I heard of a lot of people having there pan rot out, I have yet to have a pan rot. The 82 F350 I am using right now still has the original pan thats 24 years old, looks brand new still. Had a 69 diesel in an 86 F350 that plowed for years and it still looks like new as well. Strange how it happens to some and not others. Where do you park your truck, on pavement or gravel, or on dirt. I found on one truck I had that was parked around back on dirt had more of a problem with rusting of brake rotors etc...


----------



## tsmith (Sep 19, 2006)

My 79 still has the original pan, but my 95 and a buddies 96 have had the pans changed already. They just don't make them like they used too.


----------



## rollnthunder (Dec 7, 2005)

Big Dog D;334418 said:


> Just found out from my Ford dealer that I am Lucky Customer # 1 with a rotten oil pan on my diesel........................03, 6.0 litre!!!!
> 
> I made the appointment two weeks ago for thr truck to go in for a pan and they said that it wasn't the pan that they leak from higher up on the fuel rail and it must be running down onto the pan. Well I called them this a.m. to find out what was going on and they said I was right and that infact it was the pan that had rotted through. and that they hadn't seen or heard of this on any 6.0's. Lucky me.
> 
> WTF was Ford thinking??? Afeter replacing soooo many pans on the 7.3's you would have thought they would have gotten it figured out by the time they got around to the 6.0 litres hitting the production line.

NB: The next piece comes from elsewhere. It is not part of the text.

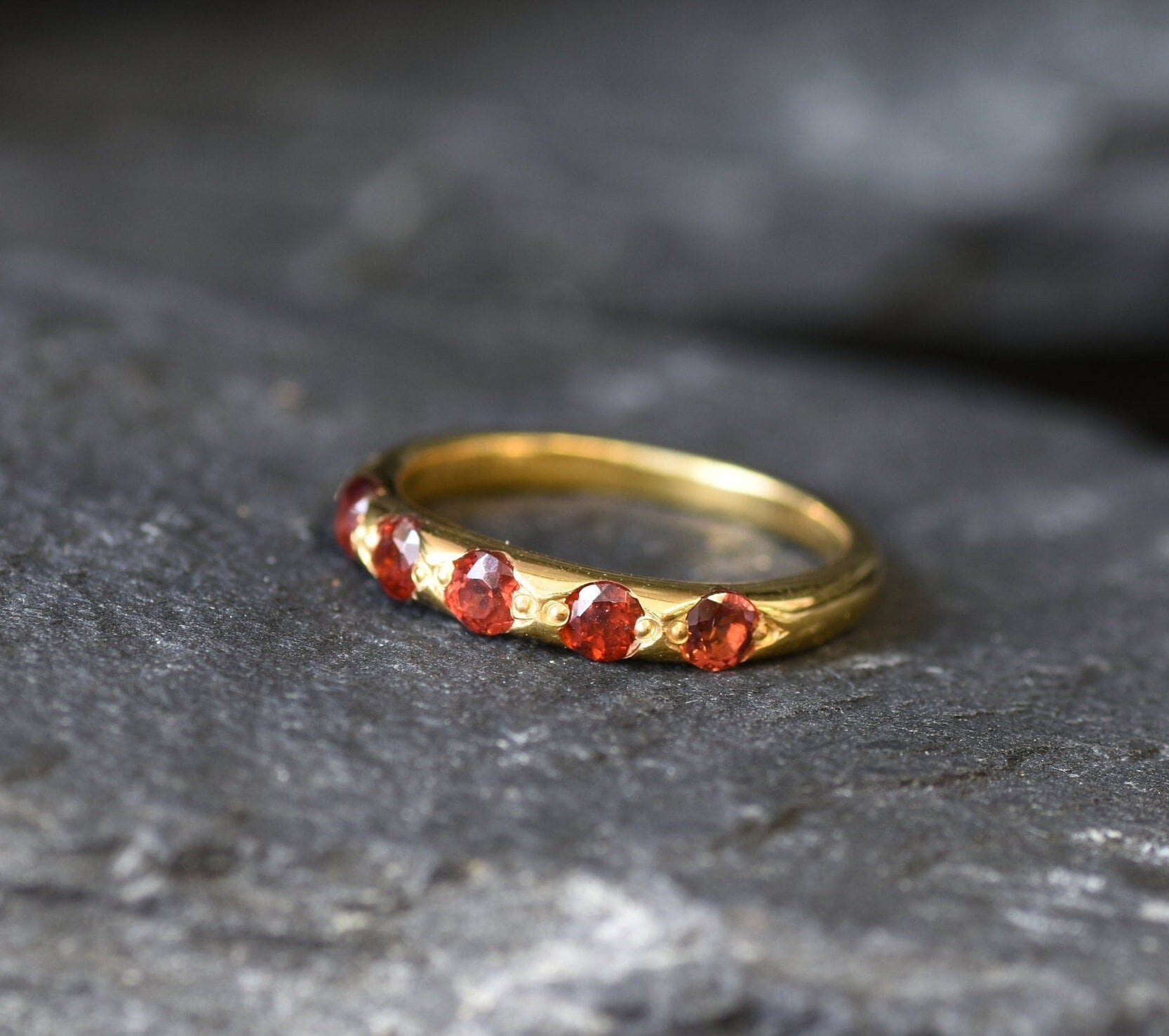 Gold Garnet Band, Natural Garnet, Stackable Ring, 5 Stone Band, January Birthstone, Red Garnet Ring, Gold Plated Ring, Simple Ring, Vermeil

I can tell you that your not alone on this issue.Also ask them if they are pulling the motor to put the pan on because if i remember right ford service manual states the motor must be pulled to put the pan on because the sealent needs to dry oil free and if the motor is still in the truck then all the oil will run down.This may have been on the 7.3 but im not sure.Also ask them if there is a technical service bulletin out on the pan.I know for the 7.3 they would clean the pan then put a 2 part epoxy on it to seal it up.It would dry and act like shell and was very durable maybe they can do that to the new pan to help protect it.If not i would rhino line the stupid thing.


----------



## procut1 (Jan 21, 2004)

They replaced tons of pans....AT THE OWNERS EXPENSE......I had a 03 F-350 with the 7.3 and that one rotted out. Tried for weeks to get it covered under warranty and got left with a $1200 bill. They will only cover the pan if it cracks not rots even though they acknowlege that it was a problem with their pans,


----------



## Big Dog D (Oct 1, 2005)

procut1;334463 said:


> They replaced tons of pans....AT THE OWNERS EXPENSE......I had a 03 F-350 with the 7.3 and that one rotted out. Tried for weeks to get it covered under warranty and got left with a $1200 bill. They will only cover the pan if it cracks not rots even though they acknowlege that it was a problem with their pans,


They relpace hundreds of rotten pans everyday at their expense!!! They will only replace them once they begin to leak though. It doesn't matter if it shows all kinds of heavy scaly rust they will only do it if it is leaking.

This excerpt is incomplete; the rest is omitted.